:: Work to be completed ::
Without the pictures, retype each line below exactly as it stands.

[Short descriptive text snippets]
..............................

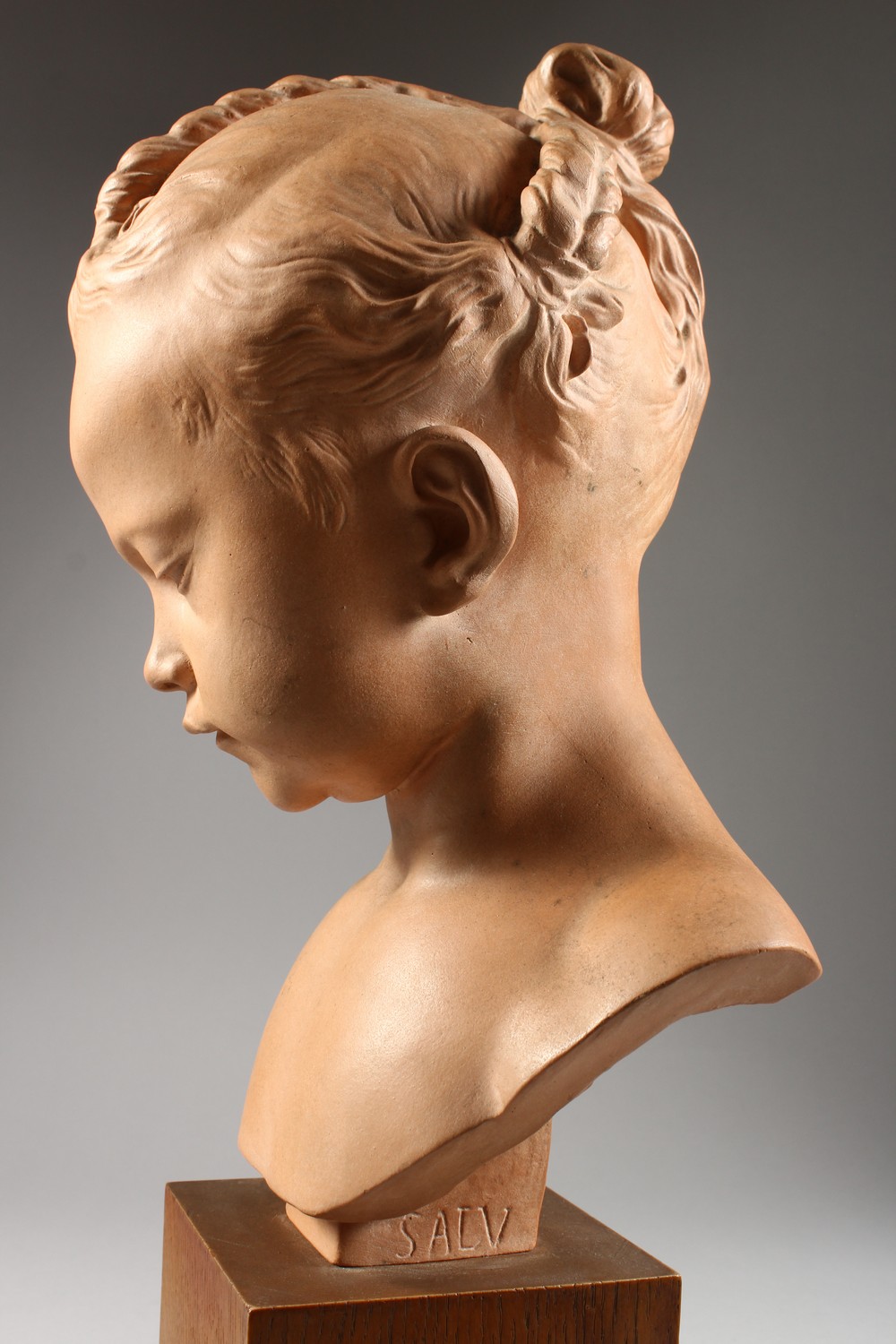 SALY A GOOD TERRACOTTA BUST OF A YOUNG GIRL, on a wooden plinth. Signed Saly, Louvre. 14ins high. - Image 3 of 7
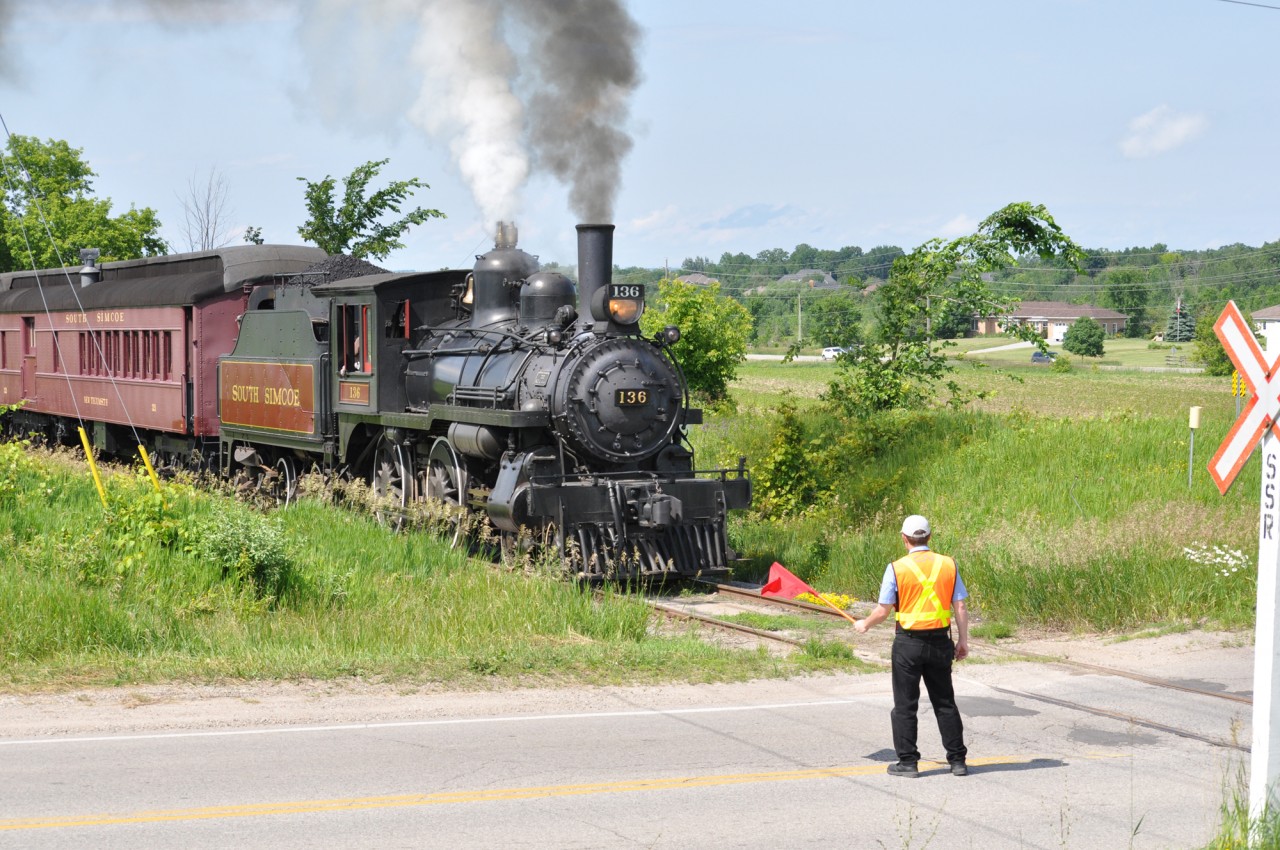 A crossing guard stands watch as the engineer of South Simcoe Railway 136 sounds the whistle. She is seen here crossing the 5th line, and heading south on the old Beeton Sub to Tottenham station to finish the day.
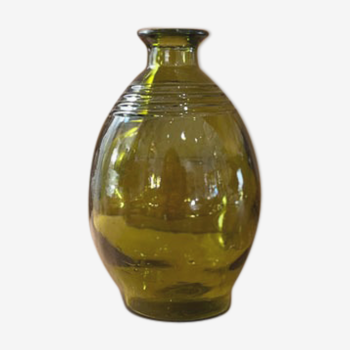 Round green glass bottle or vial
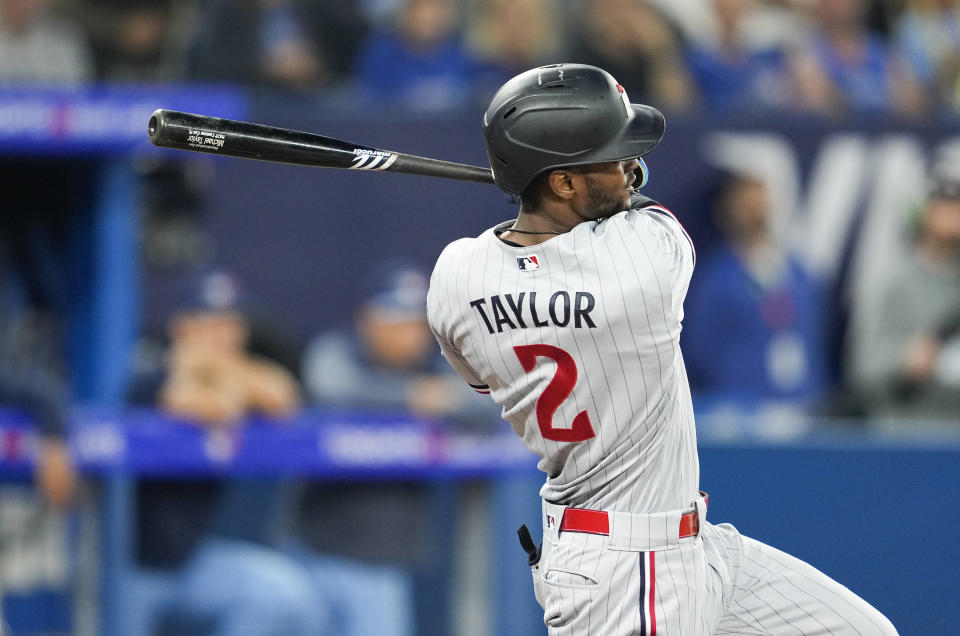 Minnesota Twins' Michael A. Taylor follows through an RBI sacrifice fly against the Toronto Blue Jays during the 10th inning of a baseball game Friday, June 9, 2023, in Toronto. (Mark Blinch/The Canadian Press via AP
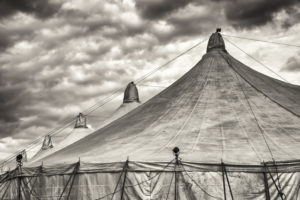 Black and white photo of circus big top tent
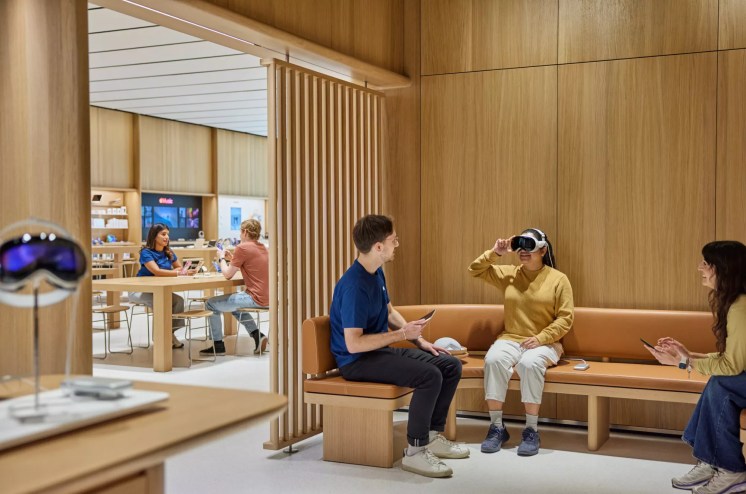 A store employee assists a woman trying out a virtual reality headset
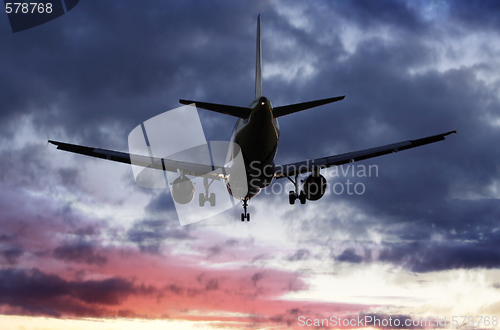 Image of   Plane passes overhead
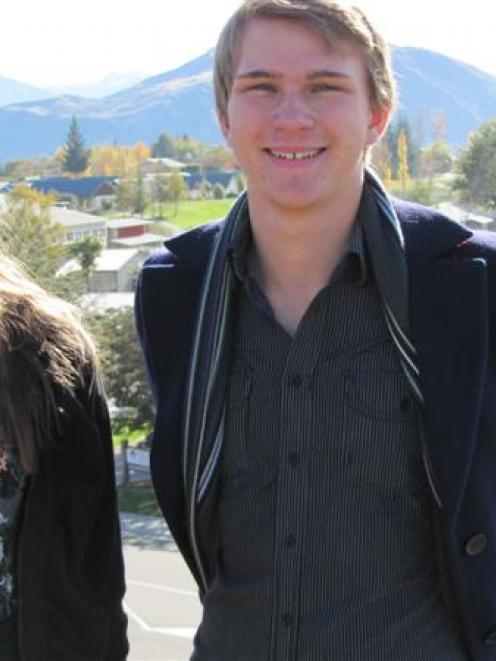 Mt Aspiring College pupils Suzannah Schwarz and Alex Black smile in front of their school...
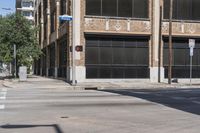 this is a street corner near an old building with an american flag and a traffic light in front of it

..............................

:: The answer ::
 SALY A GOOD TERRACOTTA BUST OF A YOUNG GIRL, on a wooden plinth. Signed Saly, Louvre. 14ins high. - Image 3 of 7
 A crossing guard stands watch as the engineer of South Simcoe Railway 136 sounds the whistle. She is seen here crossing the 5th line, and heading south on the old Beeton Sub to Tottenham station to finish the day.
 Round green glass bottle or vial
 Minnesota Twins' Michael A. Taylor follows through an RBI sacrifice fly against the Toronto Blue Jays during the 10th inning of a baseball game Friday, June 9, 2023, in Toronto. (Mark Blinch/The Canadian Press via AP
 Black and white photo of circus big top tent
 A store employee assists a woman trying out a virtual reality headset
 Image of   Plane passes overhead
 Mt Aspiring College pupils Suzannah Schwarz and Alex Black smile in front of their school...
 this is a street corner near an old building with an american flag and a traffic light in front of it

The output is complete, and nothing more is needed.